Alternatively, we can pass our transposed data into Plot to make the same thing. This works just fine here, with a small data set. Once the number of rows gets very large, you may want to avoid transposition, and can use the “direct from columns” method above.

```{ojs}
//| echo: fenced
Plot.plot({
  marks: [
    Plot.barX(wounds_transpose, 
    {y: "wound_nature", x: "n", 
    sort: {y: "x", reverse: true},
    fill: "navy"
    })
  ], 
  marginLeft: 200, 
  x: {label: "Number"},
  y: {label: "Type of injury from bird attack"}
})
```

We know this data is questionable because clearly the two most common bird wounds are “Cut by stinging remarks” and “Feelings hurt.” I suspect this may be due to social desirability bias. Further research is needed.

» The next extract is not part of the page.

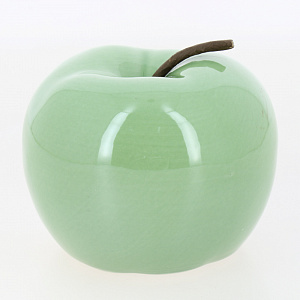 Фигура декоративная 10см Яблоко зелёный керамика 000000000001209228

First, let’s make a D3 bubble chart of those wounds, with circle area proportional to counts. Instead of building this from scratch, I’m going to use Observable imports to have it (or any other named thing in a published Observable notebook) at-my-fingertips. Again, this feels like a bit of magic.

```{ojs}
//| echo: fenced
import {BubbleChart} from "@d3/bubble-chart"
```

Now, the D3 BubbleChart function is available for me to use.

```{ojs}
//| echo: fenced
BubbleChart(wounds_transpose, 
            {label: (d) => `${d.wound_nature}\n\n${d.n}`,
            value: d => d.n,
            group: d => d.n,
            title: (d) => `${d.wound_nature}\n\n${d.n}`
            })
```

I refuse to leave this without some visualization of the “body parts injured” data. Let’s make a (spin the wheel) D3 DONUT CHART!

Again, I import from the Observable Notebook (notice the slug is @d3/donut-chart, and the named function is DonutChart):

import {DonutChart} from "@d3/donut-chart"

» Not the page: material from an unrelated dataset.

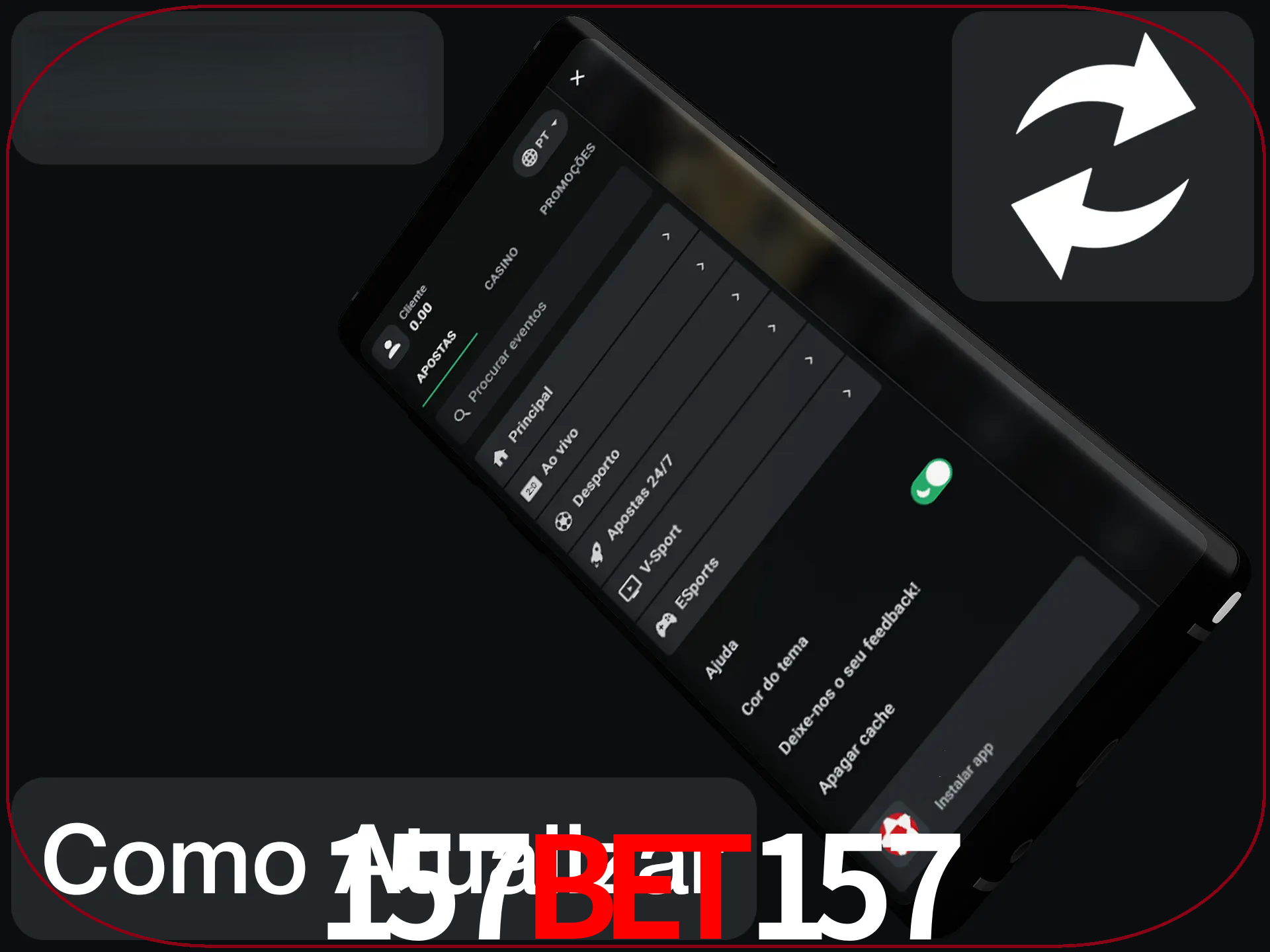 O aplicativo é atualizado automaticamente quando você faz o login.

With the DonutChart function now available for me to use here, I can make my plot:

DonutChart(injuries_transpose, {
  name: d => d.body_parts,
  value: d => d.n,
  width,
  height: 500
})

In the spirit of publicly sharing works-in-progress and imperfect things, I’ll stop here. I look forward to seeing other ways that people wrangle & visualize data from the 1974 bird attack epidemic. Stay safe out there, friends.